EXERCISE DESCRIPTION:
Copy every record exactly, leaving the pictures out.

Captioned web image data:
____________________

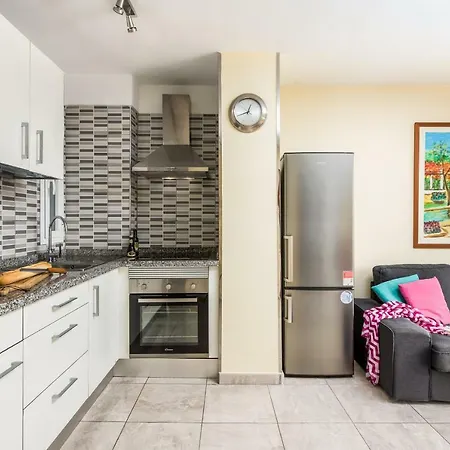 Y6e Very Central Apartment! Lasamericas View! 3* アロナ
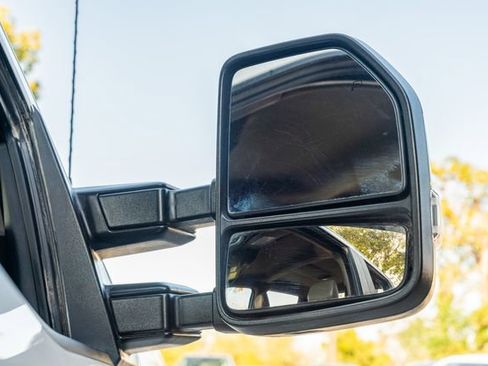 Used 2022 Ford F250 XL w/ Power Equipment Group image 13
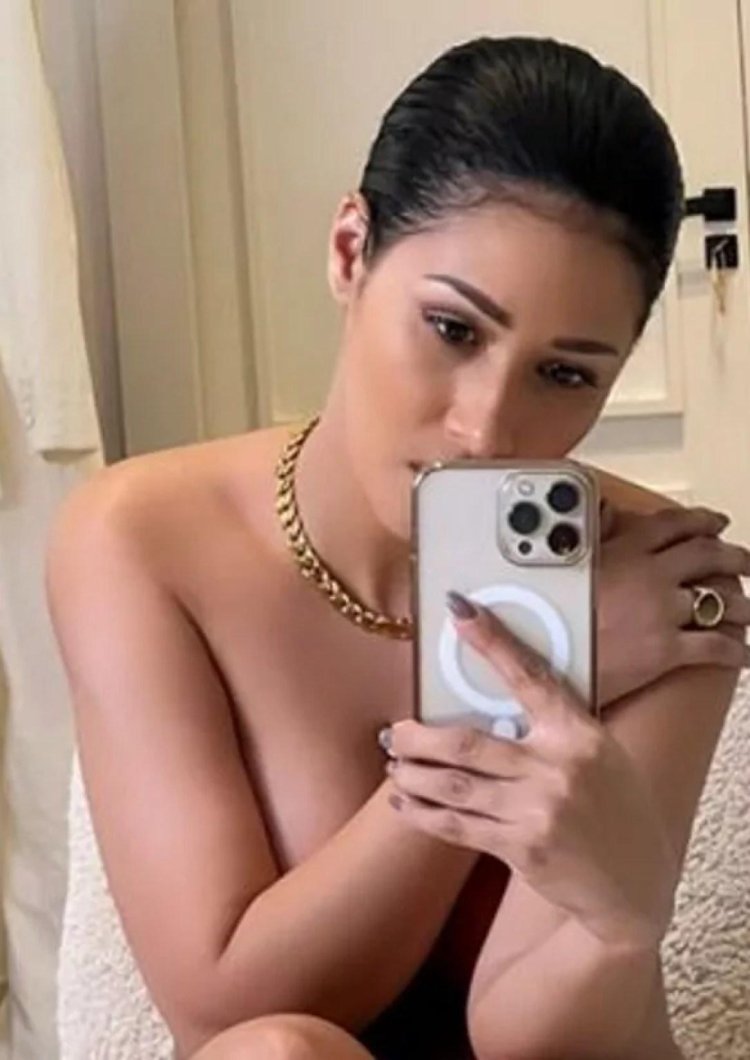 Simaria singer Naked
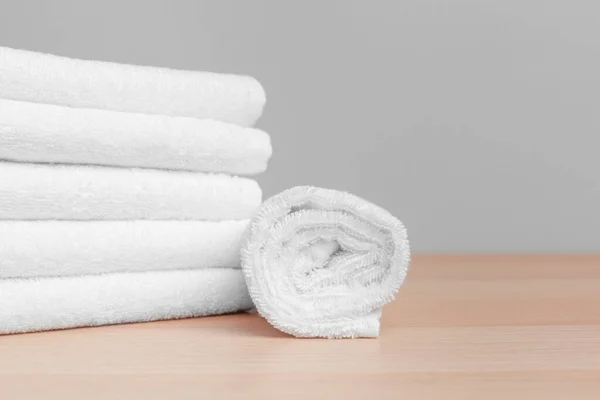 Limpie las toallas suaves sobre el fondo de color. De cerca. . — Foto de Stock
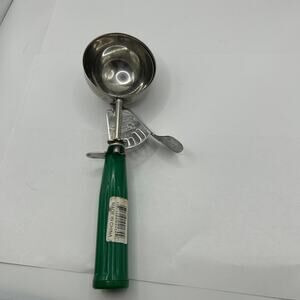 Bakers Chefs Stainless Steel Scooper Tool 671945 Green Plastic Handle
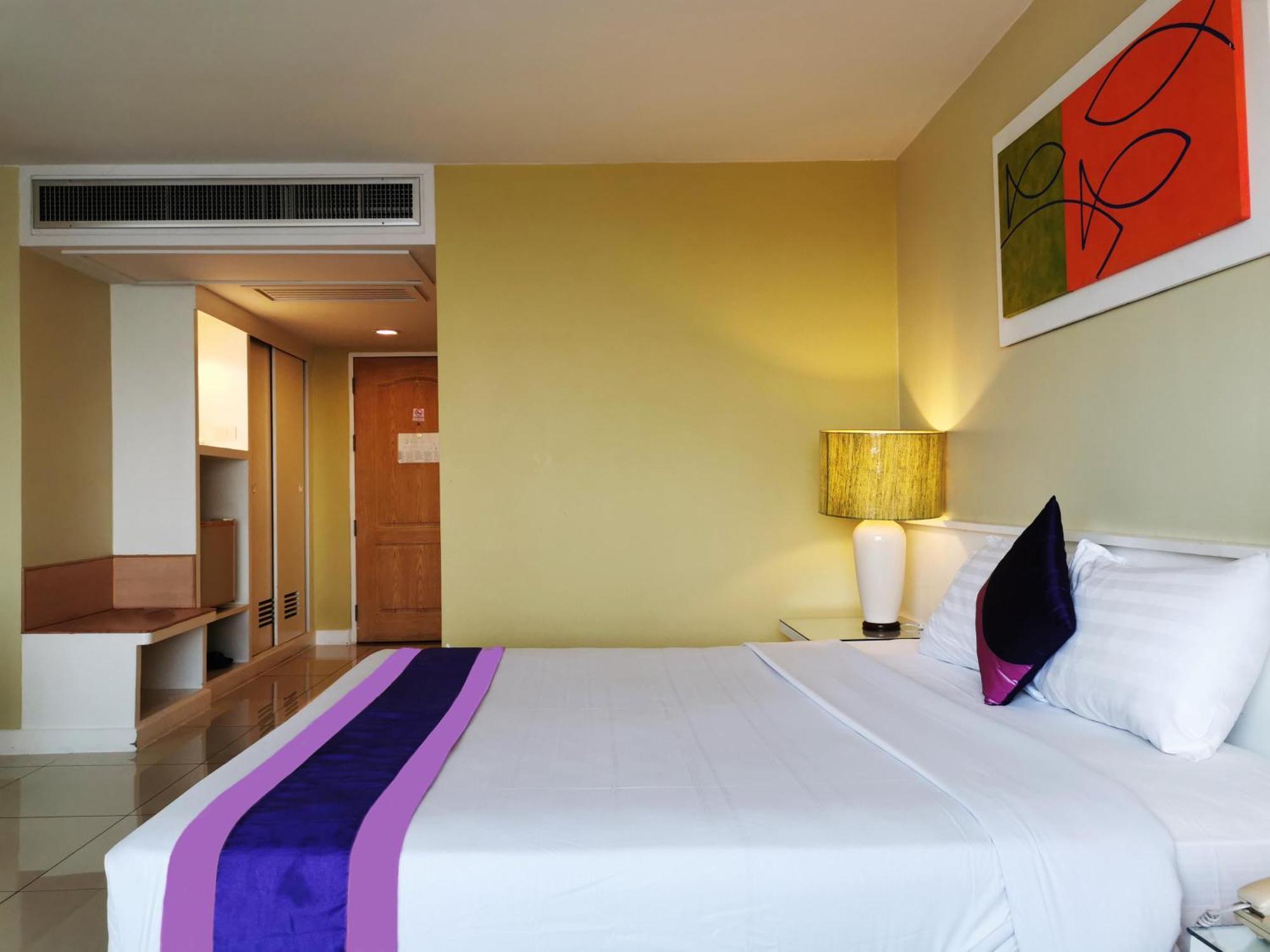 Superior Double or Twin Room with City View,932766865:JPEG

____________________

PROBLEM SOLUTION:
 Y6e Very Central Apartment! Lasamericas View! 3* アロナ
 Used 2022 Ford F250 XL w/ Power Equipment Group image 13
 Simaria singer Naked
 Limpie las toallas suaves sobre el fondo de color. De cerca. . — Foto de Stock
 Bakers Chefs Stainless Steel Scooper Tool 671945 Green Plastic Handle
 Superior Double or Twin Room with City View,932766865:JPEG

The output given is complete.